Описывая разные типы патриотизма, социологи называют такой его тип «слепым» или «милитаристским». Он отсылает к идентичности, которая не встроена в базовые ценностные комплексы, а противопоставлена им. Так, сторонники войны в России сегодня неизменно оговариваются, что вообще-то являются сторонниками мира, но не тогда, когда речь идет о безопасности их страны.
Социологи, исследовавшие проблему российского патриотизма, не раз приходили к выводу, что патриотичность россиян сильно преувеличена. Так, исследование на данных 2015–2016 годов (то есть уже после аннексии Крыма, вызвавшей в России подъем имперско-патриотических чувств) показывало, что россияне вовсе не так уж склонны жертвовать личными интересами ради возвращения к великодержавному статусу. Только 8% респондентов в конце 2015 года были «абсолютно» готовы одобрять политику, направленную на восстановление международной мощи и обороноспособности России, «даже если эти меры были связаны со значительным снижением их уровня жизни», а 30% были готовы на такие издержки лишь «в некоторой степени». Правда, в 2015 году в России наблюдался экономический кризис, связанный с падением цен на нефть, и это обострило чувствительность населения к вопросам уровня жизни.
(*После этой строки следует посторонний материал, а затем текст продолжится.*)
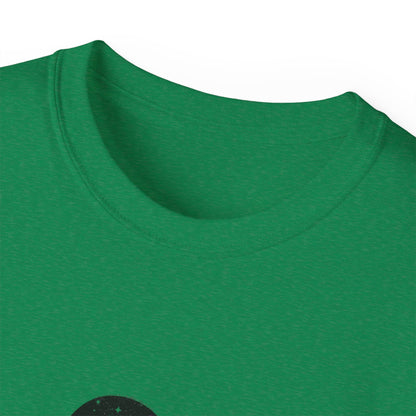 lgnore the Noise T-shirt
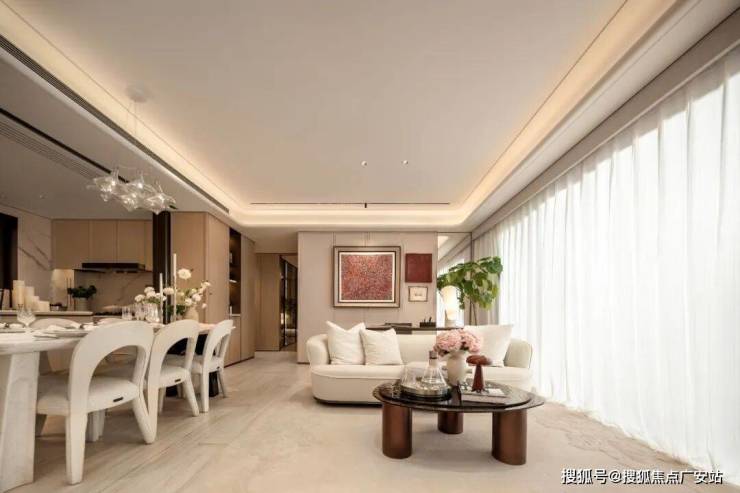 上海【华润澐启滨江】售楼处电话(首页网站)-楼盘详情最新价格-户型图-容积率-AI热搜预约看房热线-最新动态(图19)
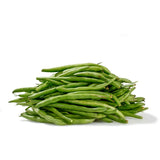 Fresh Beans Green Thin-500g - Palmyra Orders
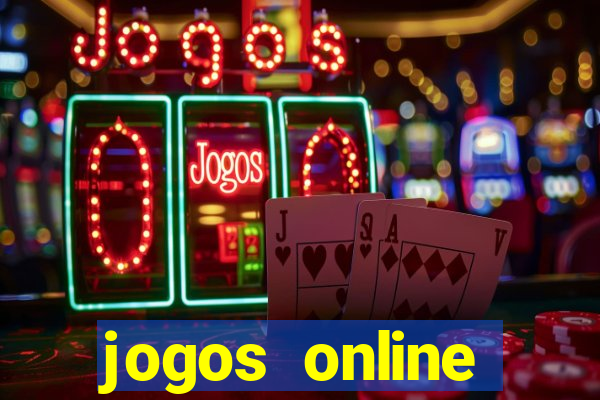 jogos online legalizado no brasil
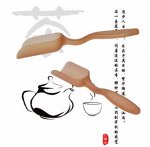 Ложка для заварки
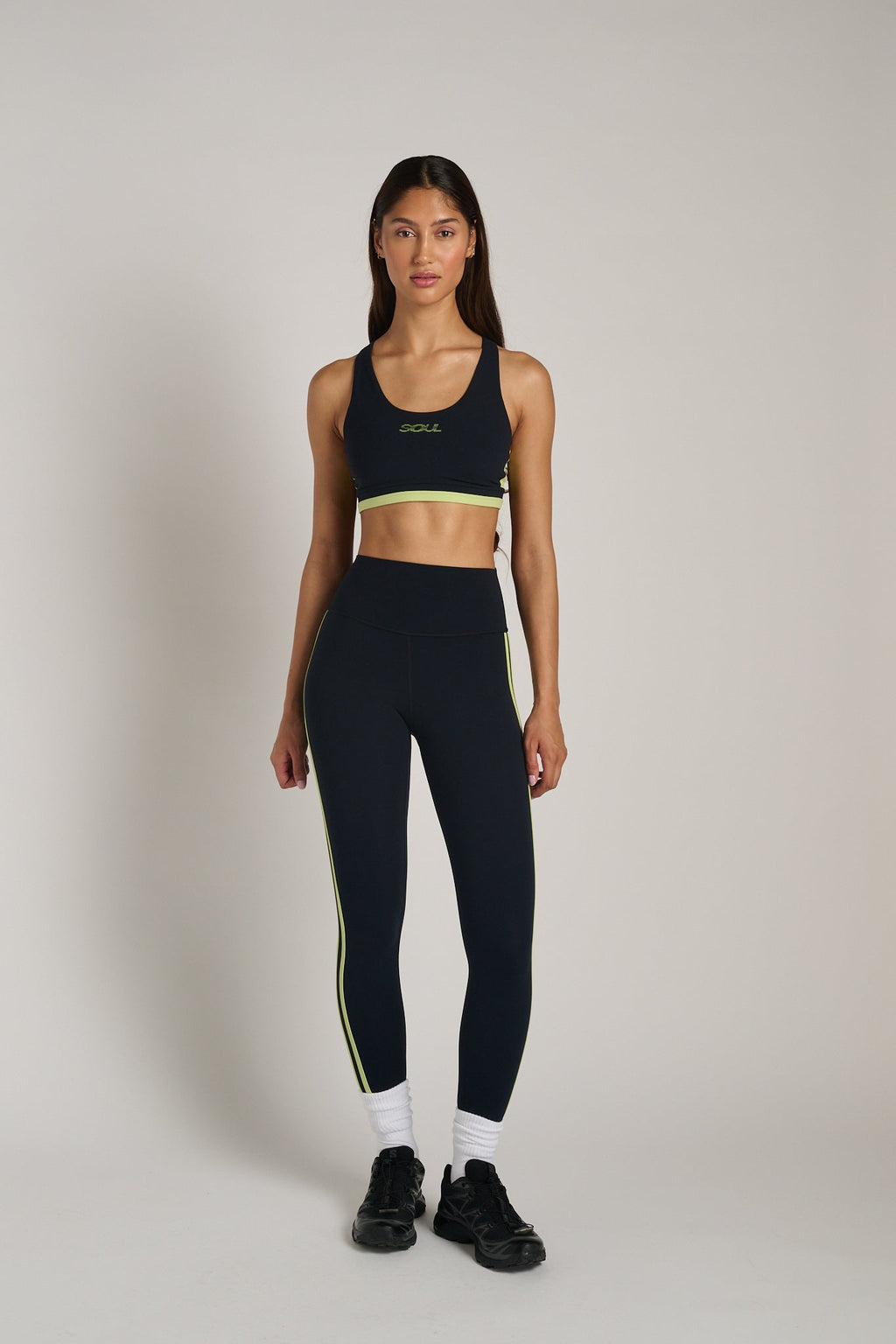 Maci Airweight Bra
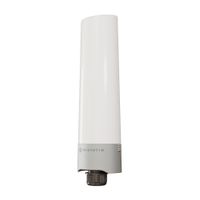 Miniatura 4 de Mikrotik GPeRx4 Extensor Ethern 4xGbE PoE-Out 90W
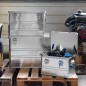 ALUTEC Aluminiumbox CLASSIC 93 L ALUTEC Aluminiumbox CLASSIC 93 L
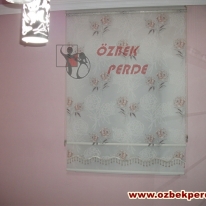 pudra-renkli-gullu-siluet-tul-stor-perde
Однако в новейшем исследовании ученые решили оценить патриотизм россиян в сравнительной перспективе, сопоставив, насколько выражен у россиян как «доброкачественный» (немилитаристский, неагрессивный), так и «слепой» патриотизм в сравнении с жителями других стран, опираясь на несколько волн международных опросов. Сравнение показало, что «доброкачественный» патриотизм россиян находится на уровне нормы, не отличаясь от свойственного жителям других стран, но «слепой» патриотизм характерен для них в гораздо большей степени. Здесь жители России заметно лидируют. В наименьшей степени «слепой» патриотизм оказался характерен для развитых стран севера Европы — Швеции, Норвегии, Ирландии, Германии — и Японии. И наоборот, бывшие социалистические страны — Венгрия, Чехия, Латвия, Словакия — идут в рейтинге «слепого» патриотизма вслед за Россией, хотя и с заметным отрывом (панель состояла из 14 стран).
Причем это отклонение не связано, как отмечают исследователи, с пропагандой путинской эпохи, оно наблюдается уже в первом замере середины 1990-х годов и не изменилось за последние 25 лет, а потому, по их мнению, связано с постимперским синдромом. Само по себе это отклонение не является причиной нападения России на Украину, но оно облегчает для руководства России задачу втягивания страны в вооруженный конфликт.
К этому можно было бы добавить, что одним из элементов постимперского и постсоветского синдрома стала особая роль мифа Победы в коллективной идентичности россиян. В ходе транзита миф Победы компенсировал для россиян экономические неудачи и частичную утрату статуса великой державы. Как видно из данных опросов «Левада-центра», миф Победы на протяжении всей путинской эпохи сохранял высокий уровень упоминаемости респондентами в качестве предмета национальной гордости, в то время как значимость других «позитивных» факторов гордости снижалась. В итоге именно нарратив повторения «подвига Победы» стал одной из опорных конструкций, с помощью которых военная пропаганда актуализировала «слепой» патриотизм после вторжения в Украину.